Accessibility SVG1.1 Intermediate
debt(d4/e3/b3/t6)
d4 Detectability Operational debt — how invisible misuse is to your safety net

Closest to 'default linter catches the common case' (d3) +1. Tools like axe and Lighthouse (listed in detection_hints) can detect missing aria-hidden on decorative SVGs and missing role/title on informative SVGs automatically. However, they cannot fully distinguish decorative from informative SVGs without developer intent, and interactive SVG patterns (charts, keyboard handlers) require manual review. The automated coverage is good but not complete, so d4.

e3 Effort Remediation debt — work required to fix once spotted

Closest to 'simple parameterised fix' (e3). The quick_fix shows that decorative SVGs need a single attribute (aria-hidden=true), and informative SVGs need role=img + aria-label or title+desc — these are small, localized additions per SVG element. However, if there are many SVGs across templates, it touches multiple files but each fix is mechanical. Interactive SVGs requiring full ARIA widget patterns push higher, but the common cases are e3-level fixes.

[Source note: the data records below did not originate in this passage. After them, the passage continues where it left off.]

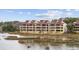 Multi-story waterfront condo building with views of the marsh and natural surroundings at 501 Maison Dr. # F-1, Myrtle Beach, SC 29572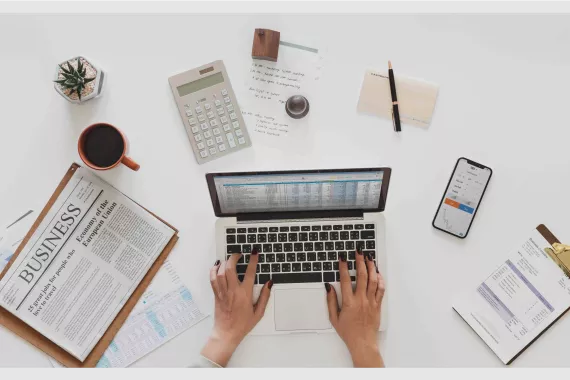woman's hands typing on laptop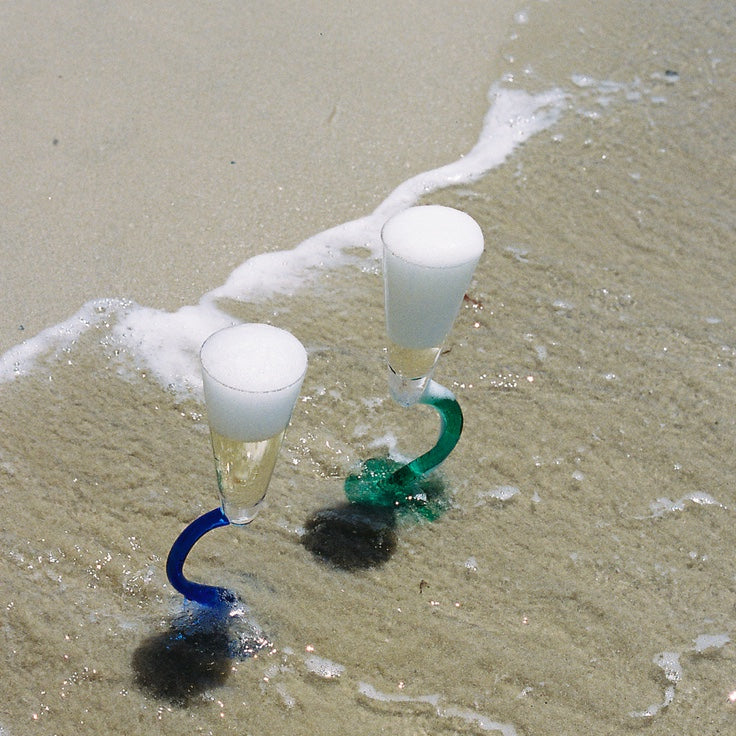 Champagne flutes with green and blue stems in the shoreline
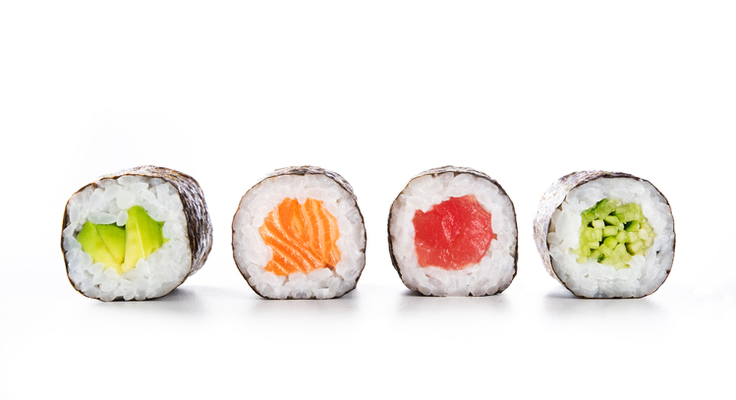 Sushi-Rollen mit Fisch, Reis und Gemüse gefüllt
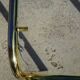 Nested table in gold metal and glass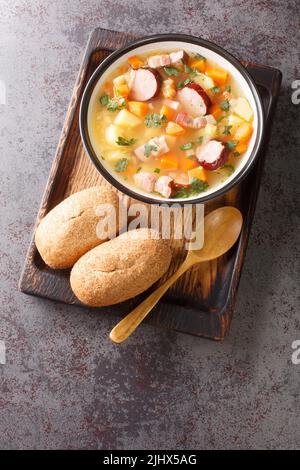 Split pea soup with potato, onion, carrot, bacon and sausages close-up in a bowl on the table. Vertical top view from above Stock Photo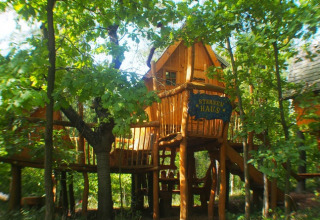 Boomhut glamping accommodatie in Familiepark Sottrum, Nedersaksen, omringd door groene bossen.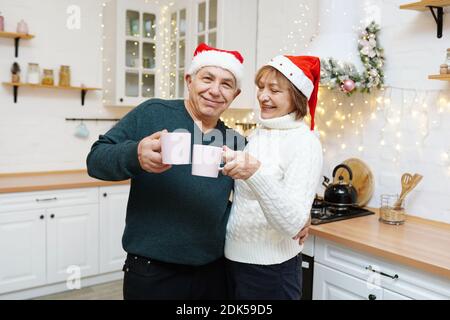 Happy mature couple having breakfast on Christmas kitchen at home Stock Photo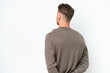 © luismolinero - Young blonde caucasian man isolated on white background in back position and looking back
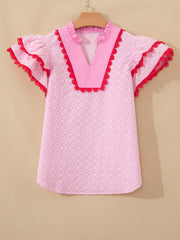 Pink eyelet embroidered blouse with flutter sleeves and red lace trim.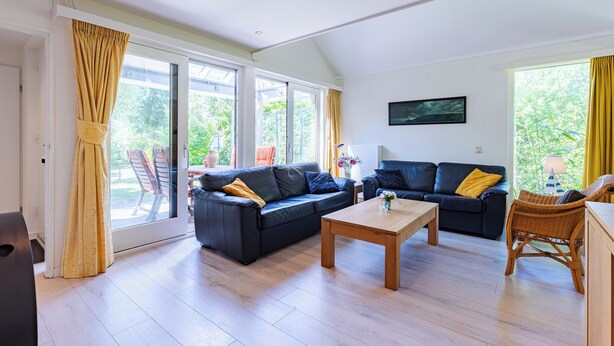 A spacious living room with a large sliding glass door, two black sofas, a wooden coffee table, and a wicker chair. - Westduin Apartment Near the Beach (Vlissingen)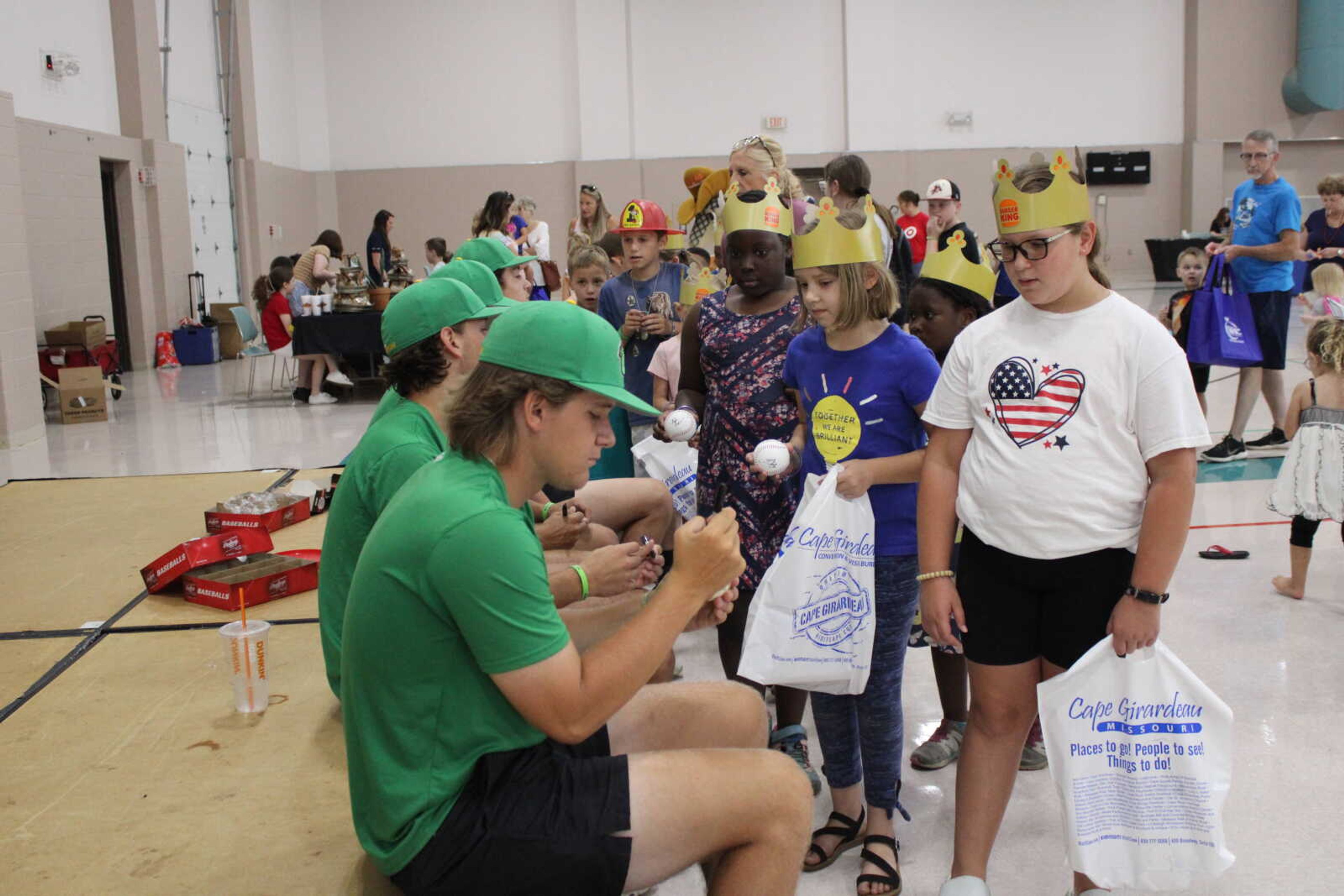 Cape Catfish players sign baseballs for those who attended the Parks and Rec day.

b3 Burden Structural debt — long-term weight of choosing wrong

Closest to 'localised tax' (b3). This applies only to the web context and affects individual SVG elements in templates/components. It's not an architectural choice — it's a per-element concern. However, every new SVG added to the project needs to follow the pattern, creating a small ongoing tax for front-end developers. It doesn't shape the system's architecture or affect non-UI code.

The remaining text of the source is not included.